Unfortunately for most Forex traders, they tend to overlook an entire world of potential profit. After all, it’s not just the Euro, the British pound, the Japanese yen, or even the US dollar that people are trading. However, as Forex traders we have a unique insight as to what can move commodities, and most of us don’t even bother trading them!
The US dollar
Keep in mind that one of the biggest drivers of commodities is the value of the US dollar. This is because most commodities are traded in that currency. For example, if you are trying to buy barrels of crude oil, you are going to have to pay for them in US dollars. So if you think about it this way, if the US dollar is very strong in theory it should take less of those US dollars to buy that oil. Conversely, if the value of the US dollar is plummeting, it’s going to take more of those same US dollars to buy oil.
With that being the case, it can give you an idea as to where you could trade crude oil. You could see the same thing about corn, sugar, coffee, and any other commodity that is traded in US dollars. (While there are some markets that allow other currencies to be used to pay for a commodity, you would be hard-pressed to find them.)
Commodities trade just like anything else
Commodities trade very similar to other markets. For example, support and resistance is the same, as well as technical analysis. Since Forex is such a technically driven marketplace, it gives you a bit of a head start when it comes to trading other markets. Forex traders are well known for being some of the most technical in the world, so it makes sense that it translates quite nicely.
Each commodity has a little bit of its own unique personality, but in the end the similarities far outweigh the differences. For example, I find that gold tends to move in $25 increments. Crude oil tends to move in $10 increments. That doesn’t mean that it has to, just that more often than not it will. If you take a chart out, and put lines at those increments, you will see what I mean. $50 means a lot in crude oil, and so does $60. Gold markets are interested in the $1200 level, the $1225 level, the $1250 level, and so on.
Keep in mind that there are a lot of different brokerages that you can use to trade commodities. There are futures brokerages, which of course are highly regulated but they are also very expensive for some traders, as futures markets tend to take much more margin than what you may be used too. If you have a $2000 market you have no business trading futures. However, you can trade contract for difference markets, which are quite often offered by Forex brokers.

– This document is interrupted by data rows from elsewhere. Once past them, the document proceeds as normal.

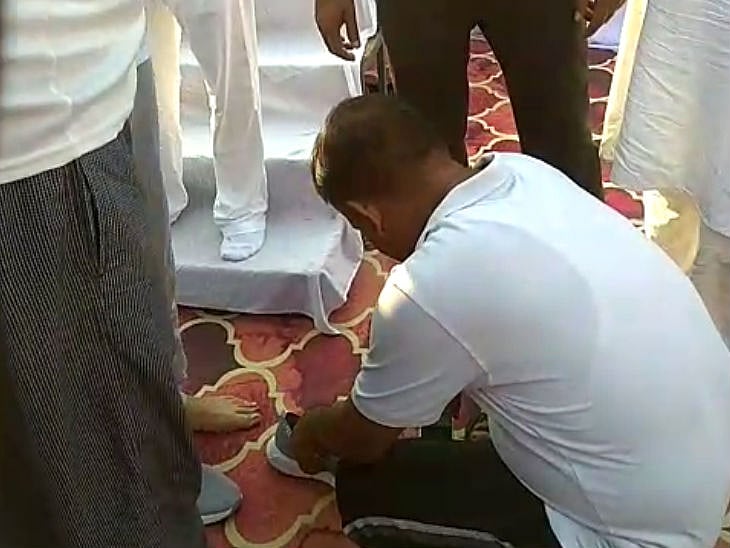 वीडियो: योगी राज में वीआईपी कल्चर! बीजेपी मंत्री को सरकारी कर्मचारी ने  पहनाया जूता, जानें सफाई में क्या कहा?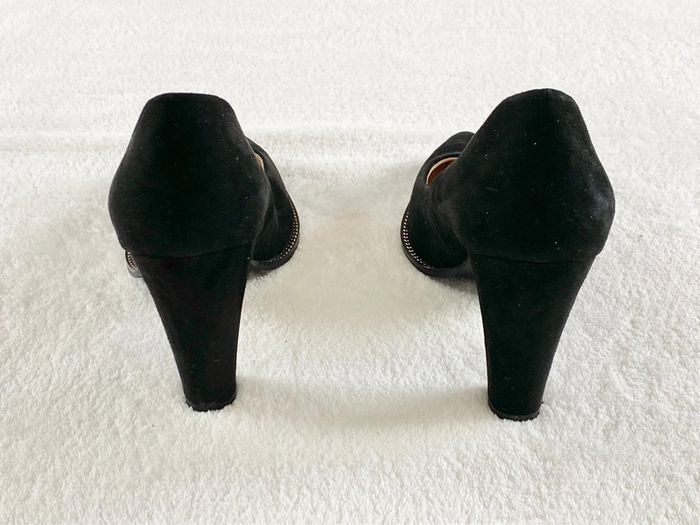 Chaussure à talon noir et or - 3 Suisses  Pointure 39 - Hauteur talon 9 cm - photo numéro 2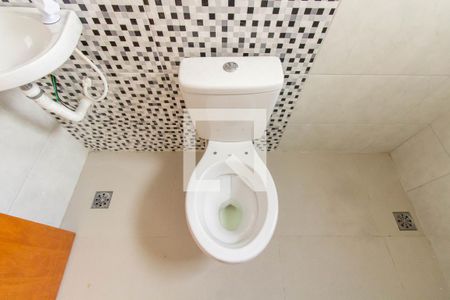 Casa de condomínio para alugar com 75m², 2 quartos e 1 vaga Casa de condomínio para alugar com 75m², 2 quartos e 1 vagaBanheiro do Quarto 2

The main difference is your account size. Yes, futures markets are very open and transparent, but you also have trouble trading very small positions like you do in the CFD market. It comes down to what you believe fits your personality and more importantly your trading capital when it comes to trading these markets.
Make sure that
firm is regulated, which most of them will be. There are some brokerages that offer futures and Forex, which again, if you have enough money available, then you can take advantage of this situation. Ultimately this is a market that you should be paying attention to, because you already have a head start compared to most new traders.
Your first move
Your first move of course is to open a demo account. Keep in mind that futures brokerages tend to offer limited demos, so you may have to try several. It’s not uncommon for a brokerage to offer a 14 day trial. With that in mind, it does limit the ability to demo. Most CFD brokerage firms offer longer trials. This is because there is a data fee that brokerages get charged from the CME or the CBOT for example.
By taking the time to demo trade, you can eliminate a lot of the pain associated with the learning curve. However, if you are a technical trader, its likely that it won’t take you long to adjust to these markets. You will find that some are more technical than others, for example gold and oil. At the end of the day, there are a lot of opportunities out there for traders to profit, and by entering the commodities sector, you are adding yet another tool to your tool box when it comes to investing.